Maya Merhige

16-year-old Maya Merhige to swim English Channel

American swimmer Maya Merhige hopes to be one of the youngest to complete the Triple Crown of Open Water Swimming, while raising funds for Swim Across America

Maya Merhige is just 16 years old, but she has spent more than half of her life conquering open water marathon swims to raise funds and awareness for cancer research with the nonprofit Swim Across America. This year, she’s taking on one of the most iconic and challenging swims in the world: the English Channel. The English Channel swim (20.5 miles or 33 km) is the third leg of the coveted Triple Crown of Open Water Swimming and will make Maya one of the youngest swimmers in history to accomplish this feat.

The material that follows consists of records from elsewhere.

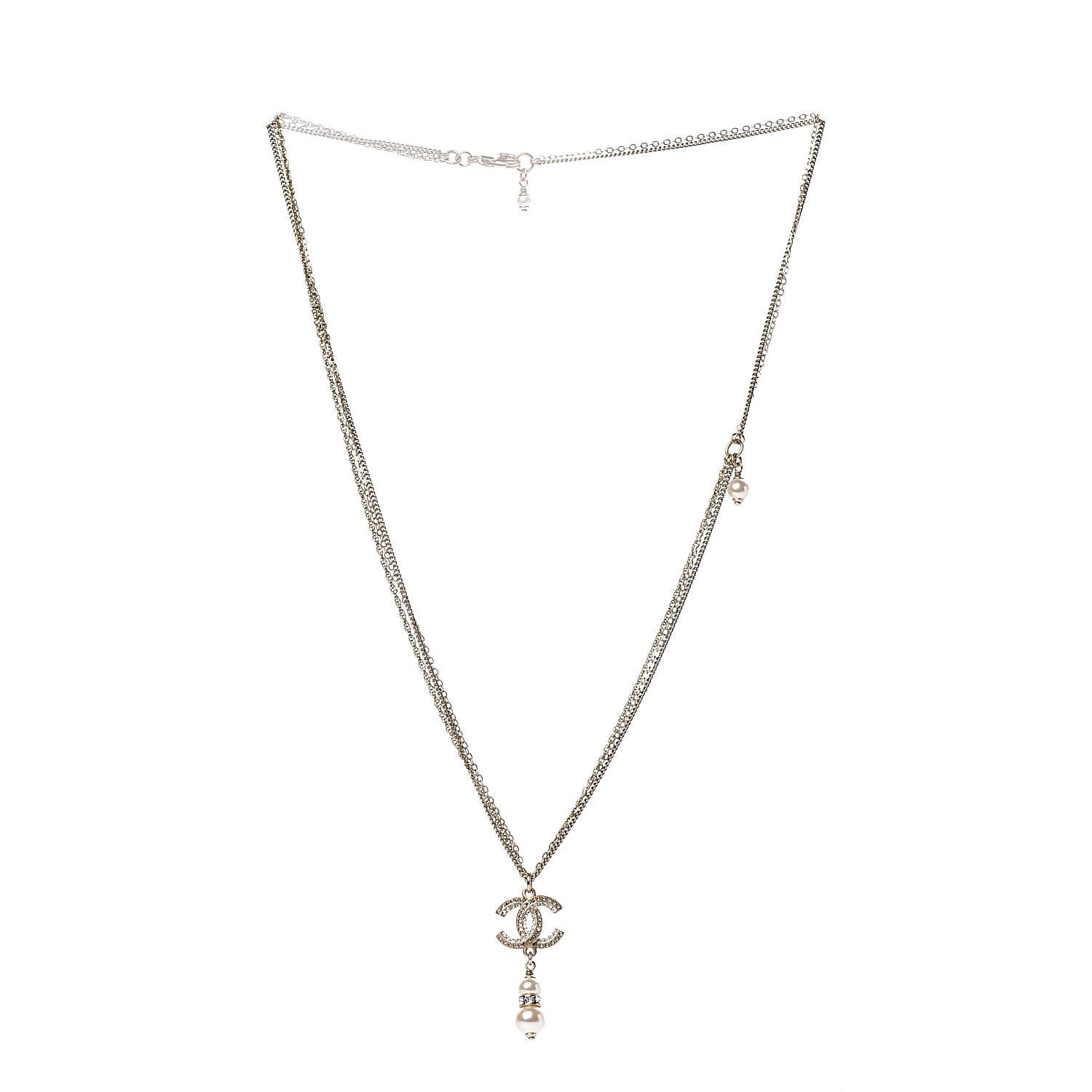 Chanel Pearl Crystal CC Drop Necklace Gold 3 of 7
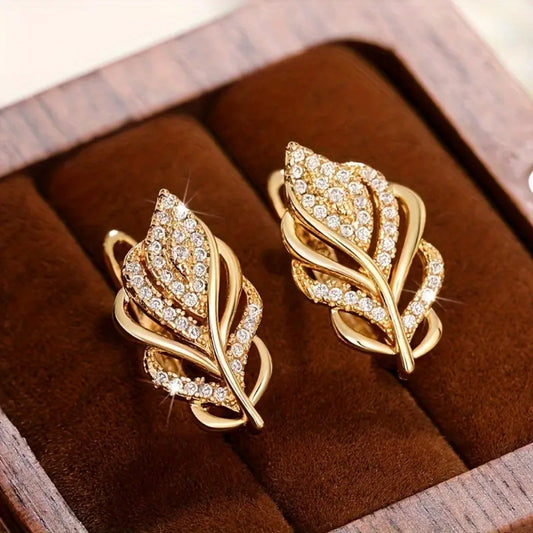 Sparkling Golden Leaf Earrings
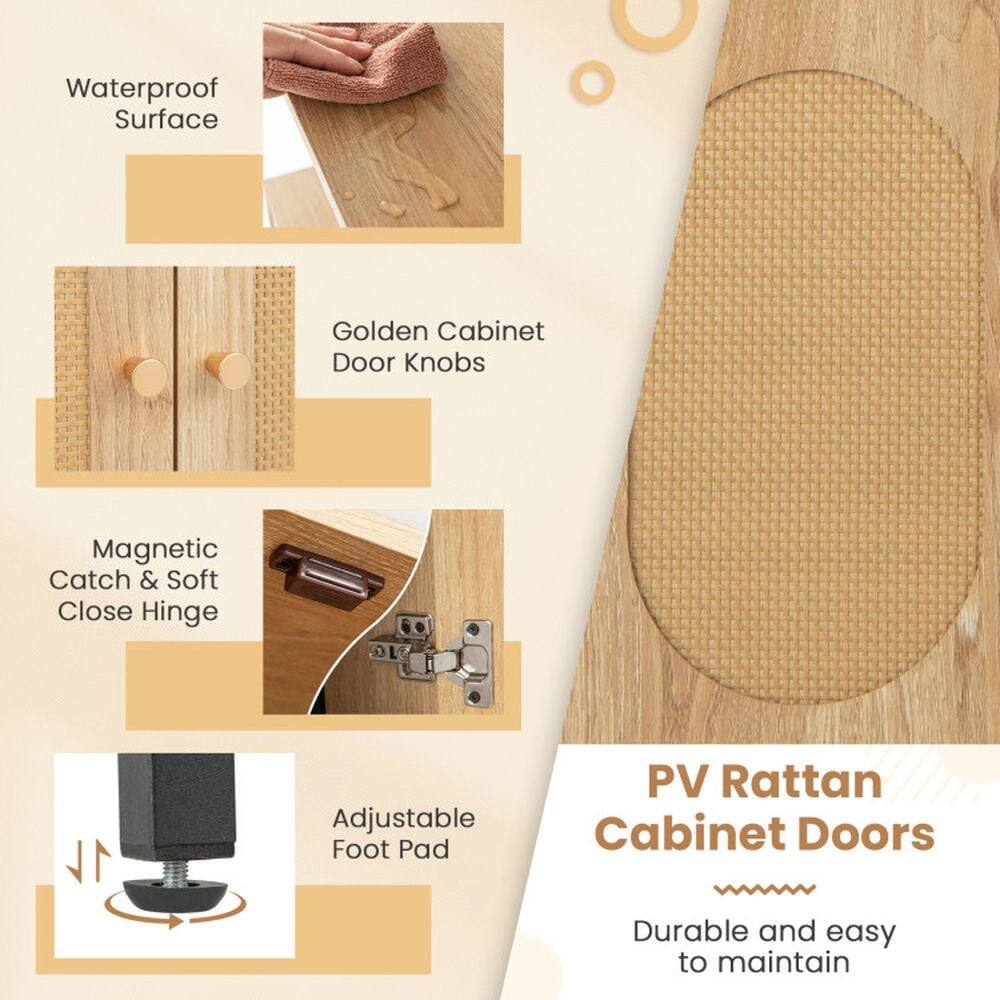 Waterproof Surface  
Golden Cabinet Door Knobs  
Magnetic Catch & Soft Close Hinge  
Adjustable Foot Pad  

PV Rattan Cabinet Doors  
Durable and easy to maintain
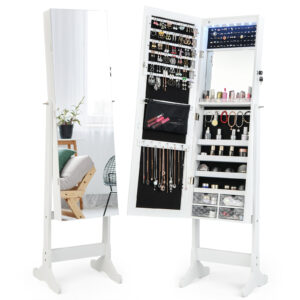 Lockable Jewelry Armoire Organizer with Rimless Full-Length Mirror-White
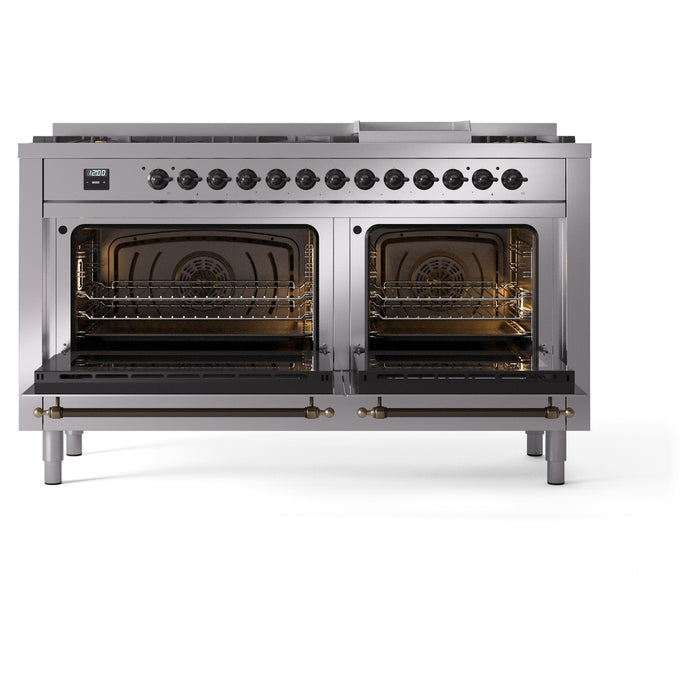 ILVE Nostalgie II 60" Dual Fuel Range with 9 Sealed Burners + Griddle + Triple Glass Door - UP60FNMP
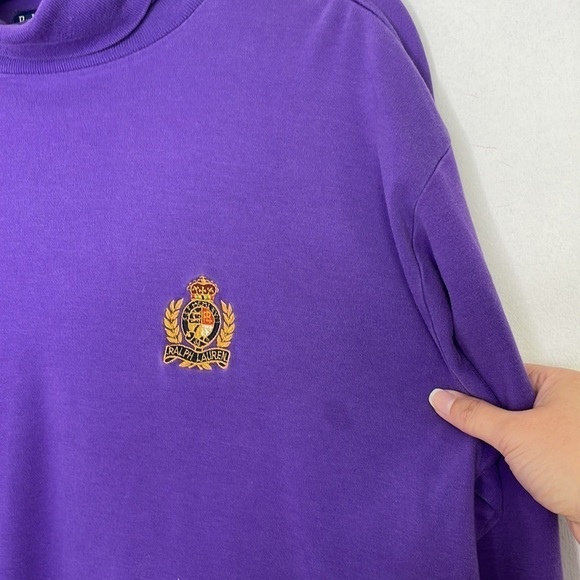 Ralph Lauren cotton saturated crest purple turtleneck - Picture 4 of 8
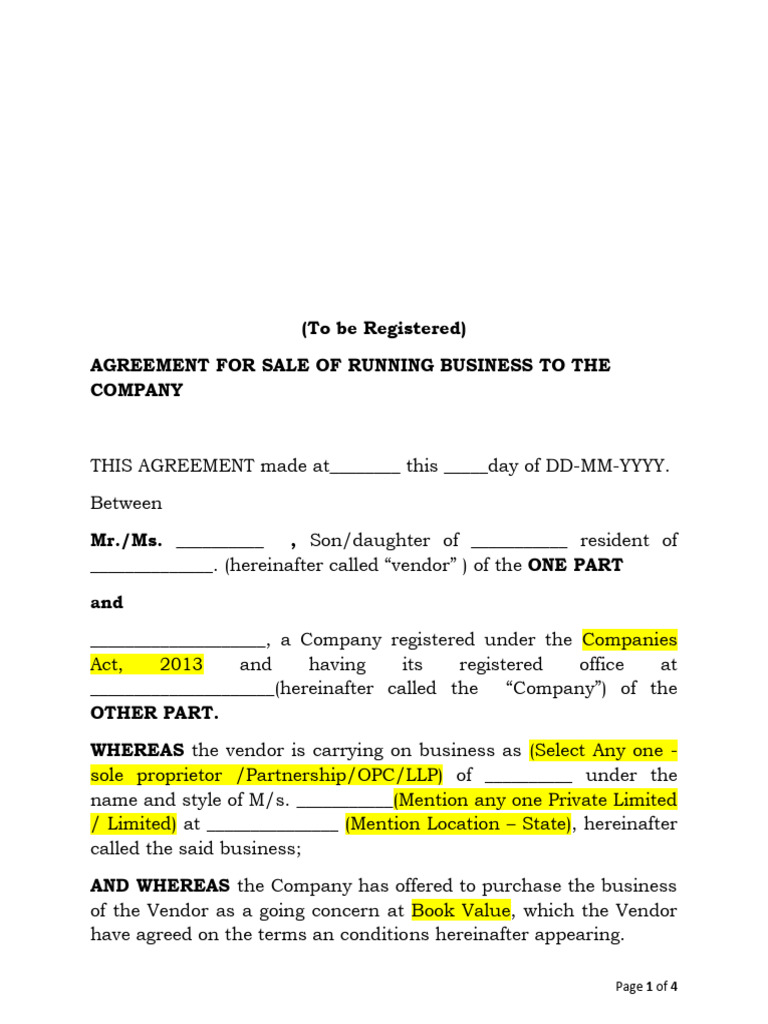 Business Takeover Agreement Template | PDF | Limited Liability ...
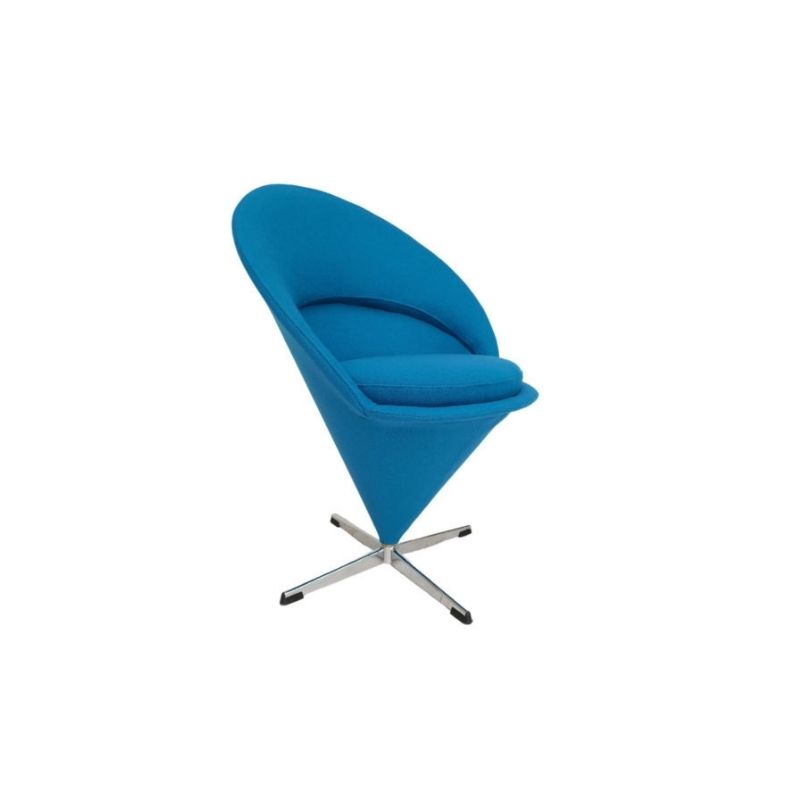Danish Design by Verner Panton “Cone chair”, 70s, Blue, Reupholstered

Maya plans on swimming the English Channel between July 10 and 20 2024, depending on when conditions are the most favourable.

Maya earned her stripes toward the Triple Crown by also completing the Catalina Channel and Manhattan 20 Bridges swims. In September 2021, at 14 years old, Maya broke the record as the youngest woman in history to successfully swim the 20-mile Catalina Channel, finishing in 10 hours and 48 minutes. In 2023, at 15 years old, Maya was one of the youngest swimmers to successfully complete the 28.5-mile 20 Bridges swim around Manhattan Island, which took her 8 hours and 43 minutes.

An impressive record

Maya also holds the world record as the youngest woman to swim the 21-mile length, 12-mile width, and 10.8-mile Vikingsholm courses of Lake Tahoe, earning her the Tahoe Triple Crown. She also became the youngest swimmer in the world to successfully swim the grueling 26-mile Kaiwi Molokai Channel, between the Hawaiian Islands of Molokai and Oahu, which she completed in 27 hrs and 33 mins. She also holds a record for the longest duration and joined the ranks of the “24-Hour Club” with the 108th longest non-stop open water swim ever.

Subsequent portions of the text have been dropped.